Your objective: Please retype every record below exactly, leaving the pictures out.

Task inputs:
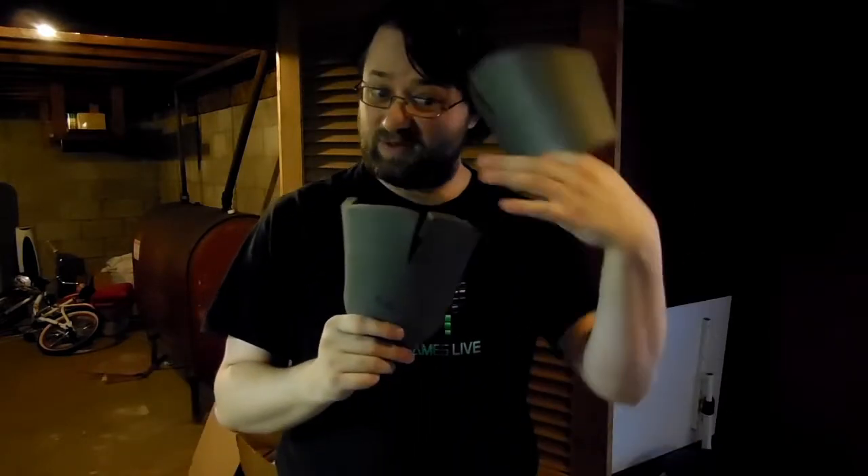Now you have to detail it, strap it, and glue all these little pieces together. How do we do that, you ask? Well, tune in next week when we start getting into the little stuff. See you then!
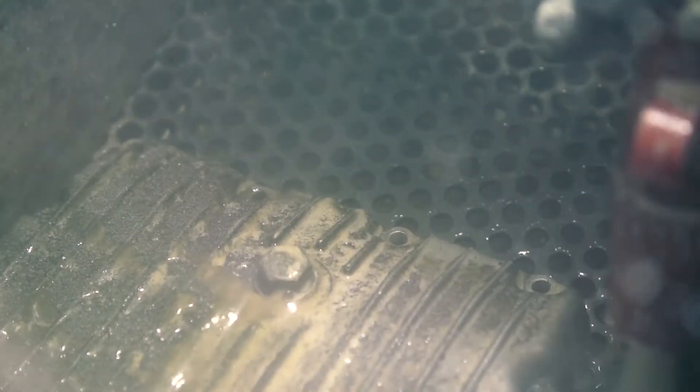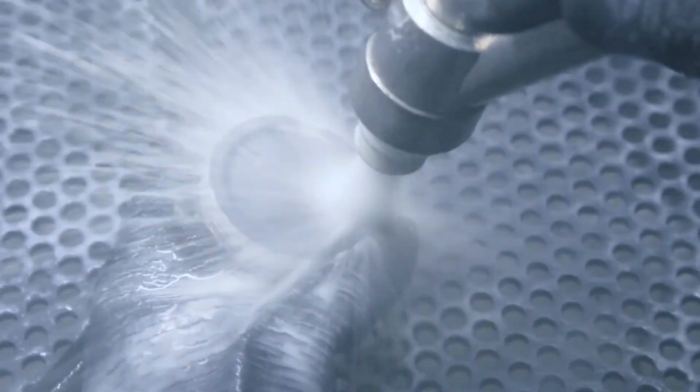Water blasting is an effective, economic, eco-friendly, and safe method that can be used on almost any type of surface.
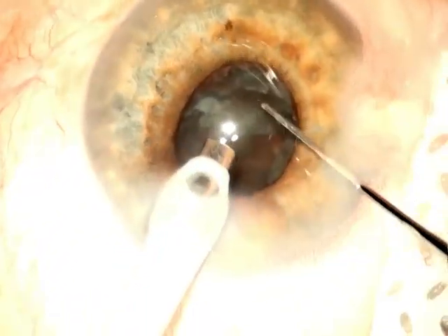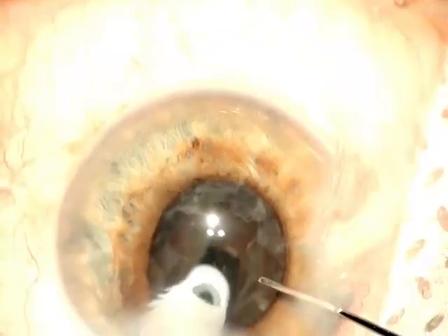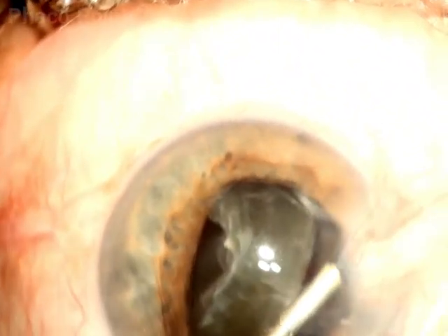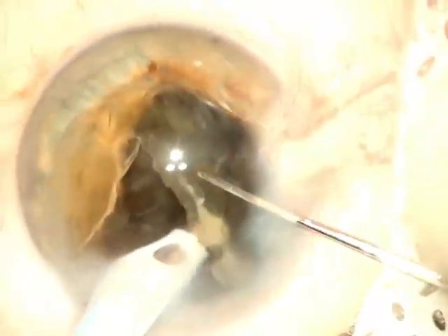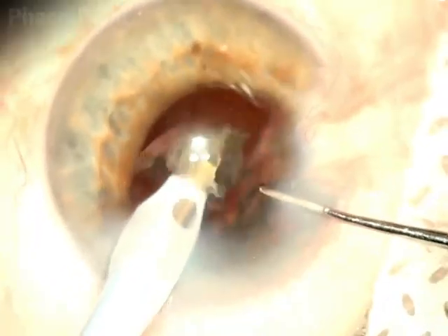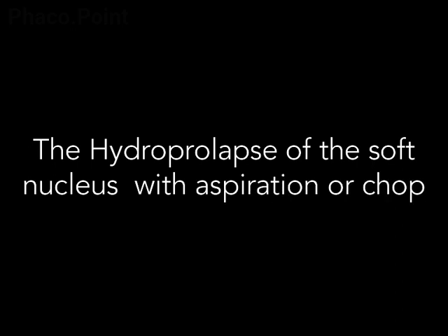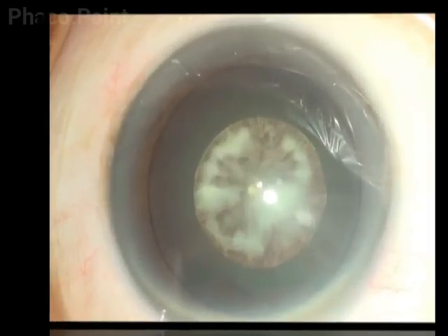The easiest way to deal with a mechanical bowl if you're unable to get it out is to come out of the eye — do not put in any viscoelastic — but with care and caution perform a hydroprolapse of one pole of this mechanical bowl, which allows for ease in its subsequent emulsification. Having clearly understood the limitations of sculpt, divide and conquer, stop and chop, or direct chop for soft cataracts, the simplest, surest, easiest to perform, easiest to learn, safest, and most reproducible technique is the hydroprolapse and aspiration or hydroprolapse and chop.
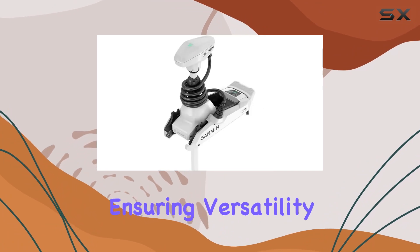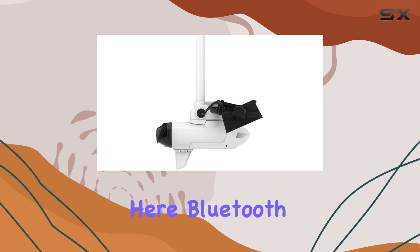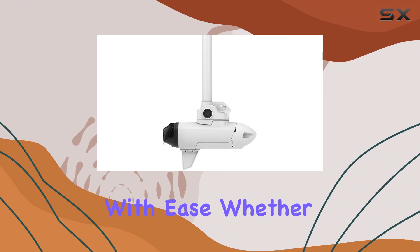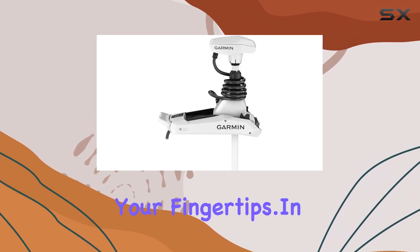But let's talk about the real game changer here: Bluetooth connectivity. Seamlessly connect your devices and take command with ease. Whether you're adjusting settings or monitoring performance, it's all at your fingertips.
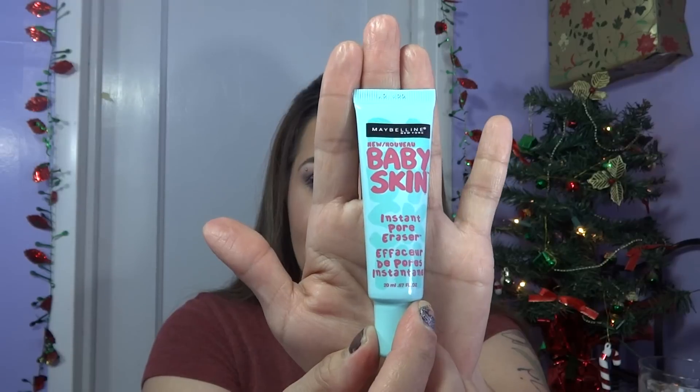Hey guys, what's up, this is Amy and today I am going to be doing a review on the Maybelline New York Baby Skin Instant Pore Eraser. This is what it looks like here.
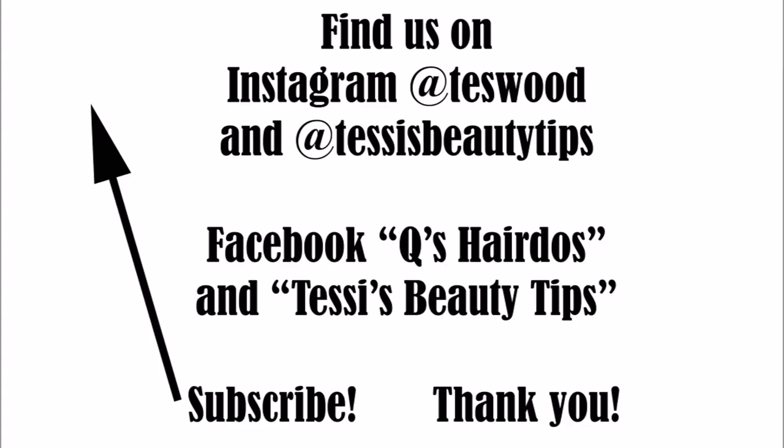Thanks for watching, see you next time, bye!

Exercise result:
Now you have to detail it, strap it, and glue all these little pieces together. How do we do that, you ask? Well, tune in next week when we start getting into the little stuff. See you then!
Water blasting is an effective, economic, eco-friendly, and safe method that can be used on almost any type of surface.
The easiest way to deal with a mechanical bowl if you're unable to get it out is to come out of the eye — do not put in any viscoelastic — but with care and caution perform a hydroprolapse of one pole of this mechanical bowl, which allows for ease in its subsequent emulsification. Having clearly understood the limitations of sculpt, divide and conquer, stop and chop, or direct chop for soft cataracts, the simplest, surest, easiest to perform, easiest to learn, safest, and most reproducible technique is the hydroprolapse and aspiration or hydroprolapse and chop.
But let's talk about the real game changer here: Bluetooth connectivity. Seamlessly connect your devices and take command with ease. Whether you're adjusting settings or monitoring performance, it's all at your fingertips.
Hey guys, what's up, this is Amy and today I am going to be doing a review on the Maybelline New York Baby Skin Instant Pore Eraser. This is what it looks like here.
Thanks for watching, see you next time, bye!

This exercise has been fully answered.